▶ _Activity_
In your copy, include no images, and write out every entry below exactly as it stands.

▶ _Dataset extract_

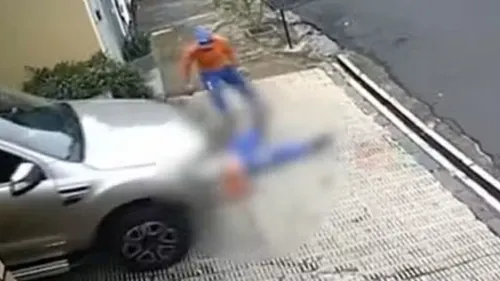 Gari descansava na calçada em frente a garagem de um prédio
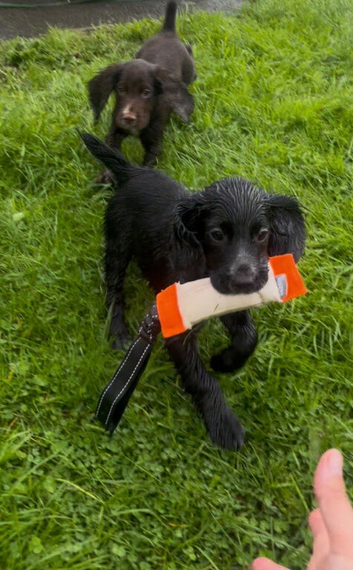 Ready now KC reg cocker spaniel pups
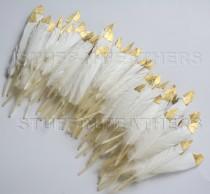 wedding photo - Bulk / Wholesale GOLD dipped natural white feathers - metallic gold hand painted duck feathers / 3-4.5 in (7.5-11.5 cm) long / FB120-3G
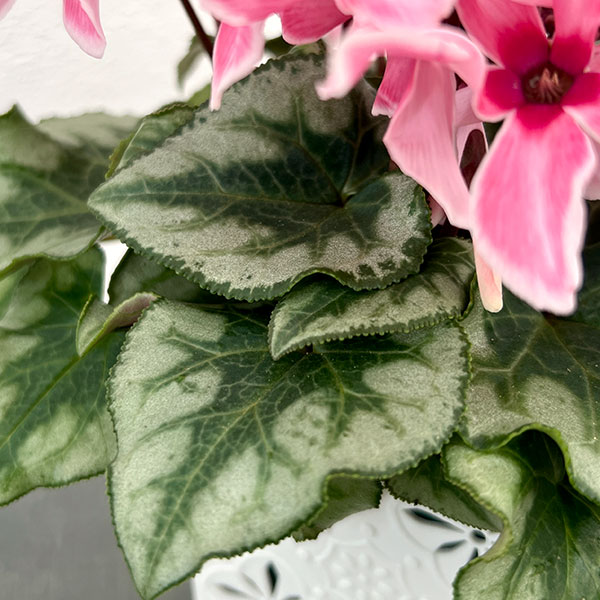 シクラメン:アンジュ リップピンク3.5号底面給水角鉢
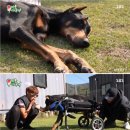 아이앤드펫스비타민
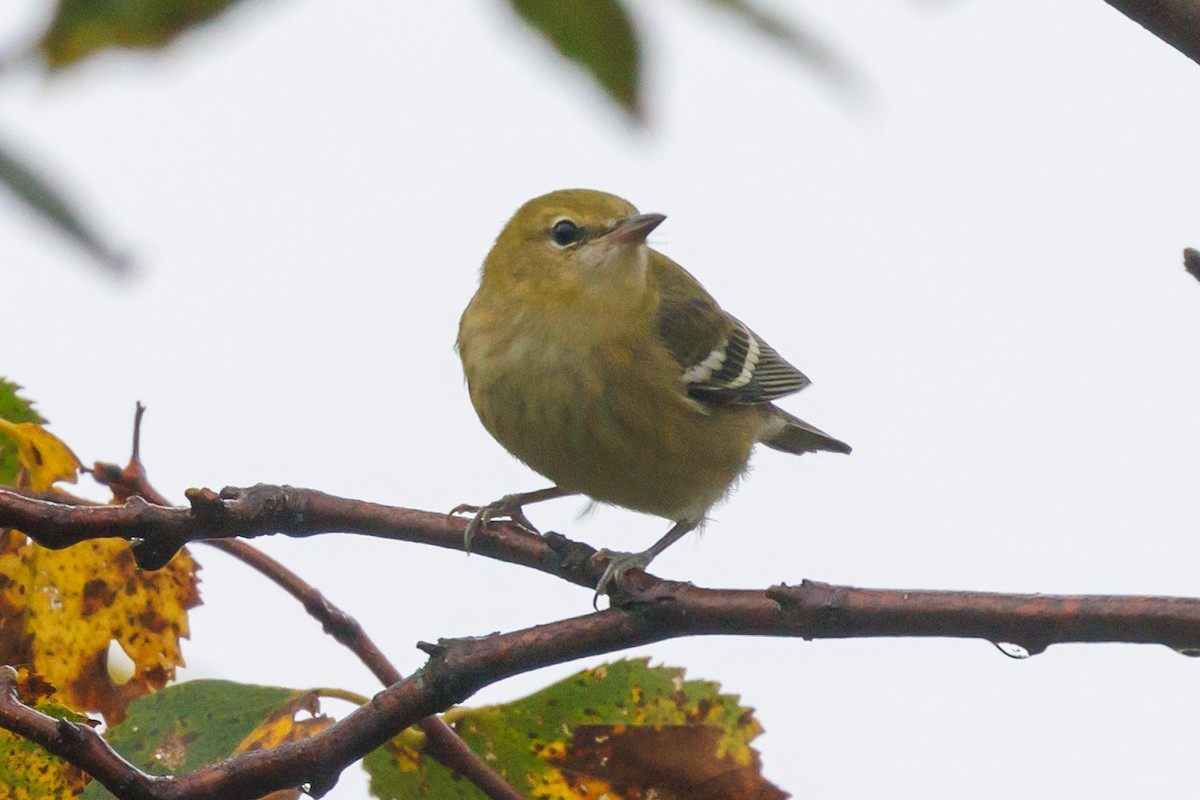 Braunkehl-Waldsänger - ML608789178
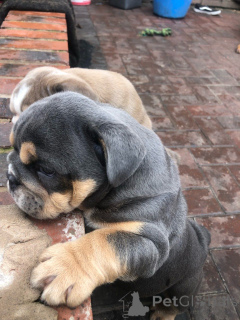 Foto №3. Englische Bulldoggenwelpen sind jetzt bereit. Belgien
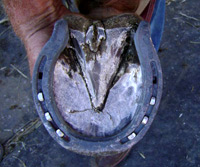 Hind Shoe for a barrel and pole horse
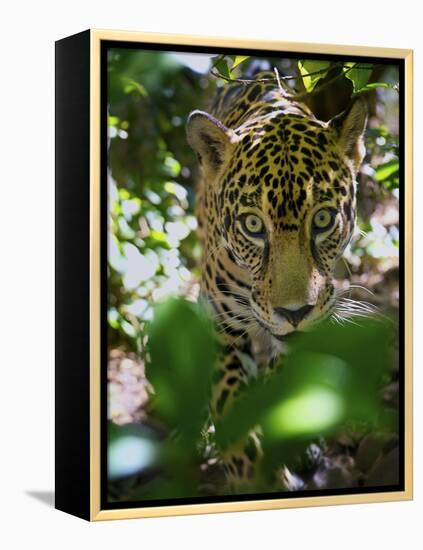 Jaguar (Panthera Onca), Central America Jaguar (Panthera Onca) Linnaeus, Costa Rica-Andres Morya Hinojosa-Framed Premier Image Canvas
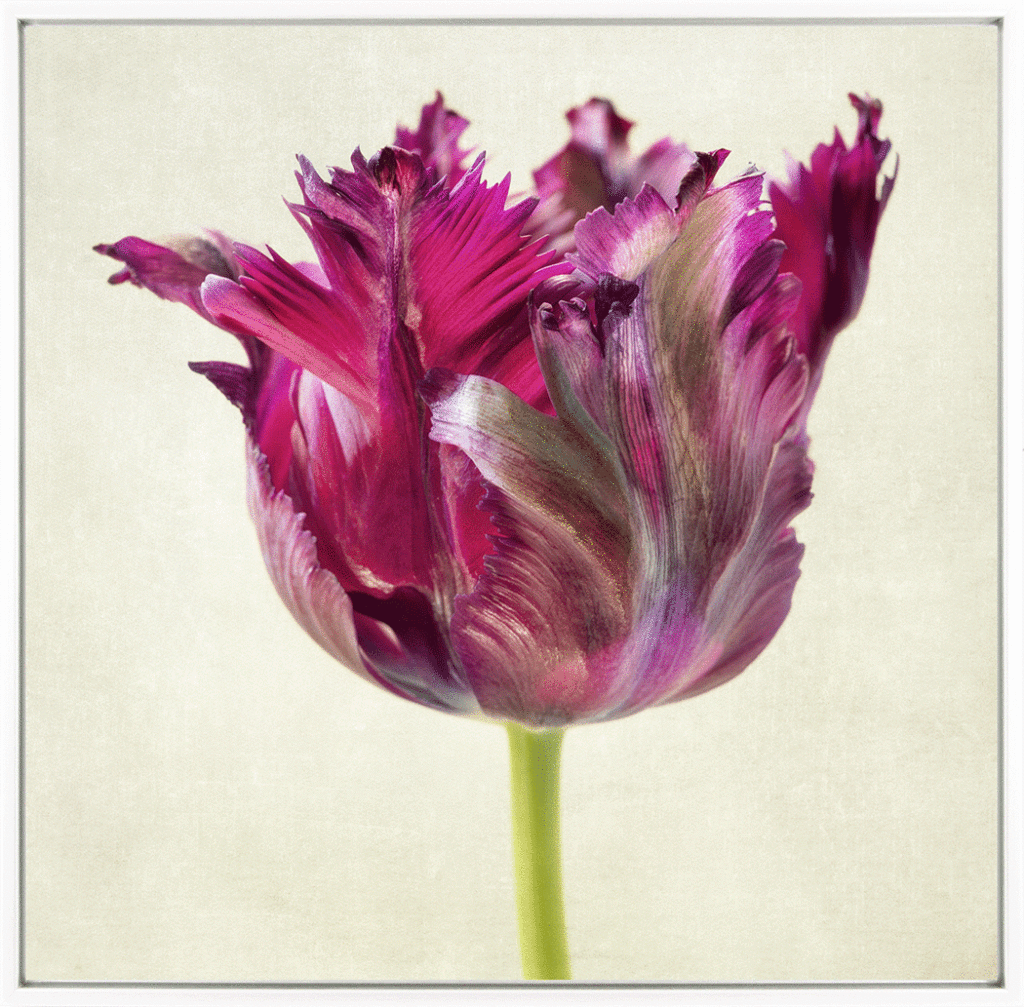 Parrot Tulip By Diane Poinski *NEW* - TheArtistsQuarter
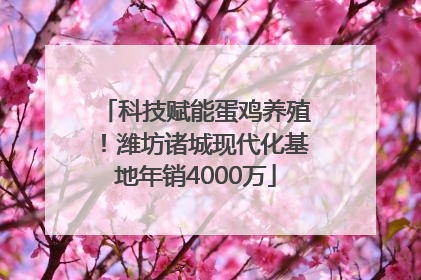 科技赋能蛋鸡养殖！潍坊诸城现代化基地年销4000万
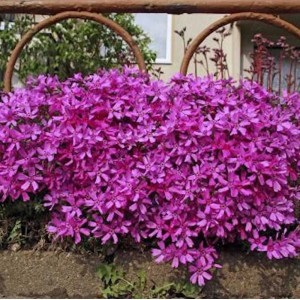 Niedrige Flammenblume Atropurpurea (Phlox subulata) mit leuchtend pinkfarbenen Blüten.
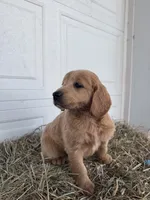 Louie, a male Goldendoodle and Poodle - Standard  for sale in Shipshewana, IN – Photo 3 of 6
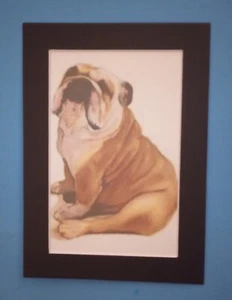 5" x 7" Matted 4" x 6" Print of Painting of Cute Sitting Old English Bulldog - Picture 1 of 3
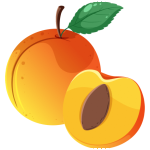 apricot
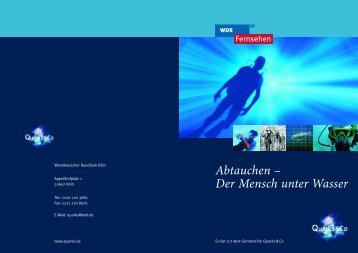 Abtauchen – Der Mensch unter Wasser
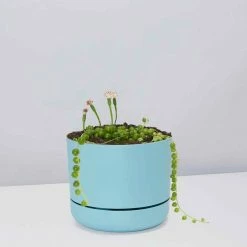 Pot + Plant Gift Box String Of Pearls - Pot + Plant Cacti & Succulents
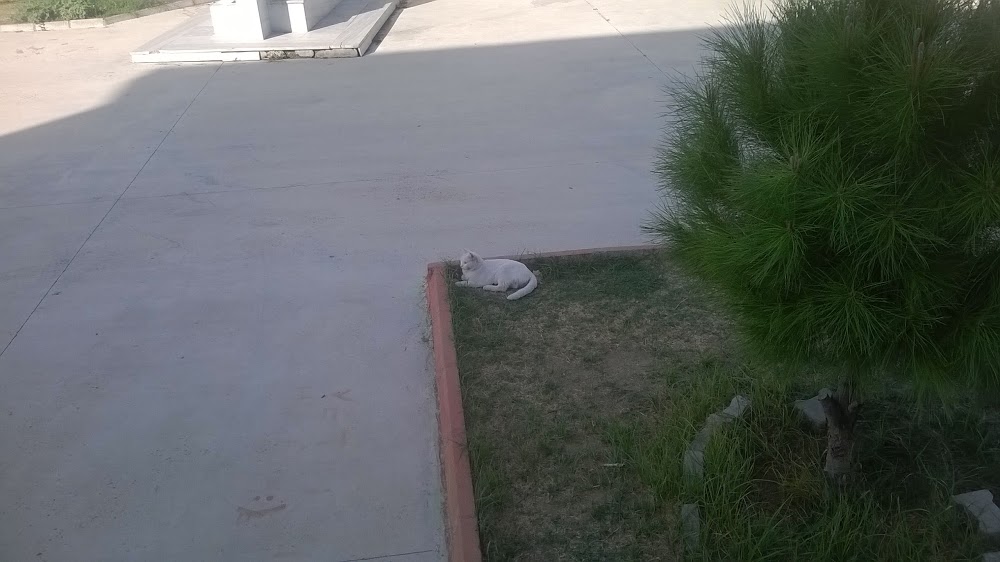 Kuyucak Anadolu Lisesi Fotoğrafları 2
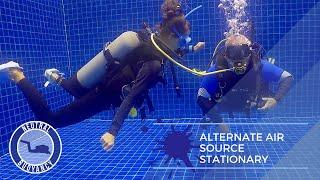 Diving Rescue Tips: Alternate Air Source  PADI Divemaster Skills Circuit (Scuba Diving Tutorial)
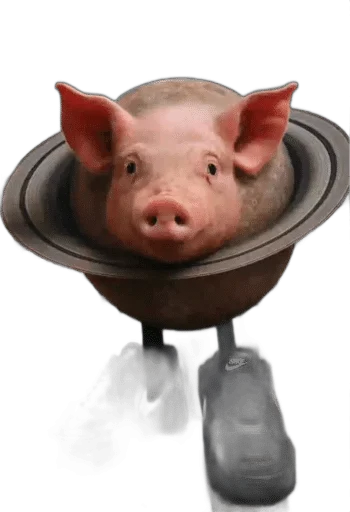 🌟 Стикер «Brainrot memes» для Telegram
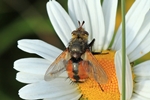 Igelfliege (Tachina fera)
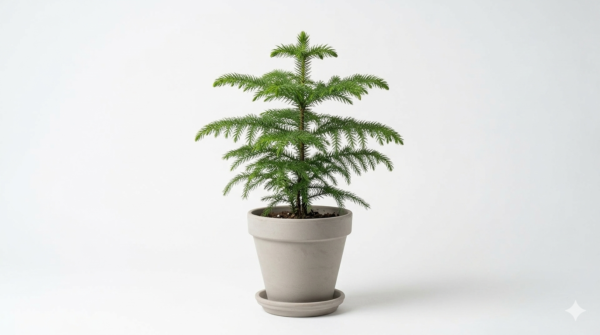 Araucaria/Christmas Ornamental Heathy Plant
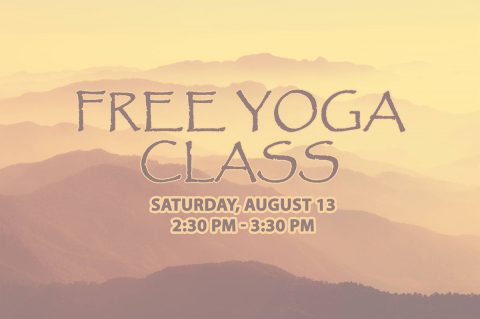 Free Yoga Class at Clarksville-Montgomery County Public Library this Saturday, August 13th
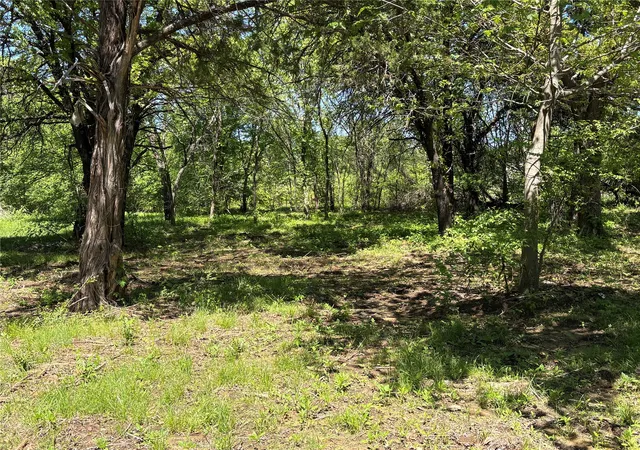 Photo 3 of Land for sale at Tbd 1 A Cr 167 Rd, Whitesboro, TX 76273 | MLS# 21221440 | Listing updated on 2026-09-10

▶ _Response to this exercise_
 Gari descansava na calçada em frente a garagem de um prédio
 Ready now KC reg cocker spaniel pups
 wedding photo - Bulk / Wholesale GOLD dipped natural white feathers - metallic gold hand painted duck feathers / 3-4.5 in (7.5-11.5 cm) long / FB120-3G
 シクラメン:アンジュ リップピンク3.5号底面給水角鉢
 아이앤드펫스비타민
 Braunkehl-Waldsänger - ML608789178
 Foto №3. Englische Bulldoggenwelpen sind jetzt bereit. Belgien
 Hind Shoe for a barrel and pole horse
 Jaguar (Panthera Onca), Central America Jaguar (Panthera Onca) Linnaeus, Costa Rica-Andres Morya Hinojosa-Framed Premier Image Canvas
 Parrot Tulip By Diane Poinski *NEW* - TheArtistsQuarter
 科技赋能蛋鸡养殖！潍坊诸城现代化基地年销4000万
 Niedrige Flammenblume Atropurpurea (Phlox subulata) mit leuchtend pinkfarbenen Blüten.
 Louie, a male Goldendoodle and Poodle - Standard  for sale in Shipshewana, IN – Photo 3 of 6
 5" x 7" Matted 4" x 6" Print of Painting of Cute Sitting Old English Bulldog - Picture 1 of 3
 apricot
 Abtauchen – Der Mensch unter Wasser
 Pot + Plant Gift Box String Of Pearls - Pot + Plant Cacti & Succulents
 Kuyucak Anadolu Lisesi Fotoğrafları 2
 Diving Rescue Tips: Alternate Air Source  PADI Divemaster Skills Circuit (Scuba Diving Tutorial)
 🌟 Стикер «Brainrot memes» для Telegram
 Igelfliege (Tachina fera)
 Araucaria/Christmas Ornamental Heathy Plant
 Free Yoga Class at Clarksville-Montgomery County Public Library this Saturday, August 13th
 Photo 3 of Land for sale at Tbd 1 A Cr 167 Rd, Whitesboro, TX 76273 | MLS# 21221440 | Listing updated on 2026-09-10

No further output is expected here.